El primero de septiembre fue el aniversario número 75 del inicio de la Segunda Guerra Mundial.

Escribo estas palabras desde Roma, habiendo experimentado hace pocos momentos la poderosa experiencia de visitar el Arco de Tito y el Coliseo. Para el pueblo judío, estos son símbolos emblemáticos del Imperio Romano y de nuestro exilio de 2.000 años.

Mientras estábamos parados junto al Arco, nos contaron la historia del Ponovezher Rav, Rav Shlomo Yosef Kahaneman, un sobreviviente de la destrucción de la judería lituana que tomó el compromiso de reconstruir las academias de estudio de Torá en Israel en la era post Holocausto. Cuando alguien le preguntó sobre su ambición de reconstruir en una escala tan grande, él recitó el versículo “Cuando Dios devuelve el cautiverio de Sión, ¡debemos vivir como soñadores!”.

Sus responsabilidades comunales luego de la guerra lo llevaron alrededor de todo el mundo en su intento por juntar los fondos necesarios para cumplir con su sueño. Siendo un determinado hombre de acción, prácticamente no dejó tiempo disponible para hacer turismo. Sin embargo, cuando visitó Roma, le pidió al taxista que parara en el Arco de Tito. Se paró a un lado del Arco y gritó desafiantemente en Yidish: “¡Titus Titus! ¡Vu bist du! ¡¿Dónde estás?!”.

Nuestro guía nos contó que fue recién en 1870 que los judíos de Roma fueron finalmente liberados de su encarcelamiento en el Gueto local. Entonces reflexioné sobre la cruda realidad de que su emancipación duró sólo 70 años hasta que comenzaron las deportaciones nazis, y aquí vamos de nuevo, luego de un ciclo igual de corto, la fea cara del antisemitismo se ha levantado nuevamente a lo largo y ancho del mundo. No sé si el número 75 es particularmente relevante, pero todo aniversario nos provee de perspectiva y de un tiempo para reflexionar.

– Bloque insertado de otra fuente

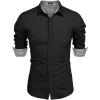 imageCOOFANDY Mens Stretch WrinkleFree Dress Shirts Long Sleeve Button Down Casual Cotton Shirt Black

En la noche del Seder elevamos nuestras copas y proponemos un brindis por el milagro de la supervivencia judía. Cantamos ve’hi shamda, que en cada generación han habido quienes buscan liberar al mundo del pueblo judío y de sus ideales. Sin embargo, continuamos en la Hagadá recordando la promesa divina. Sobreviviremos. Quizás las persecuciones milenarias alcanzaron un clímax hace 75 años con la invasión alemana a Polonia y con el subsecuente Holocausto, pero el antisemitismo es tan antiguo como el judaísmo mismo. Las dos generaciones post guerra que respondieron al Holocausto con la consigna de “nunca más” están experimentando hoy en día un preocupante aumento de los ataques y sentimiento antisemita a lo largo del mundo.

Los resultados de las investigaciones contemporáneas indican que sólo una correcta internalización del significado de la promesa divina y de lo que conlleva puede asegurar el compromiso judío de nuestros hijos. Los planes educacionales de nuestras comunidades deben ser proactivos y afirmar con valentía Am Israel Jai, el pueblo judío vive y prospera.

Sin embargo, las palabras de esta famosa canción que fue compuesta por Rav Shlomo Carlebach en los años 60’ continúan proclamando Od Avinu Jai, ¡Nuestro padre (celestial) aún vive! La afirmación de que “Dios está muerto” es refutada por la continua existencia y prosperidad del pueblo judío y de su mensaje eterno.

Los valores y el compromiso que han mantenido y nutrido a nuestros ancestros a lo largo de los 3.000 años de nuestra travesía son tan relevantes hoy en día como lo han sido siempre. Esta fe es la que les dio la confianza de pararse con firmeza y de vencer todas las probabilidades. Debemos llenar a nuestros jóvenes con orgullo por su heredad como una forma para asegurar un futuro judío más radiante, ya que esa es realmente la fuente de nuestra supervivencia.

Miro al rededor de Roma y no veo a ningún romano antiguo. De hecho, los antiguos egipcios, babilonios, griegos, cruzados, inquisidores, comunistas y nazis tampoco están más. Las civilizaciones que intentaron destruir a nuestra nación ya no están aquí, pero la nación judía, con nuestro mensaje eterno, hemos sobrevivido.

Para que una tercera generación post Holocausto pueda tomar una decisión informada sobre elevar en lo alto la antorcha de la supervivencia judía en el siglo 21, su educación debe incluir estas dos aseveraciones, aquella de Am Israel Jai, la supervivencia física del pueblo de Israel, y Od Avinu Jai, los eternos valores judíos que nos dio Dios mediante su Torá.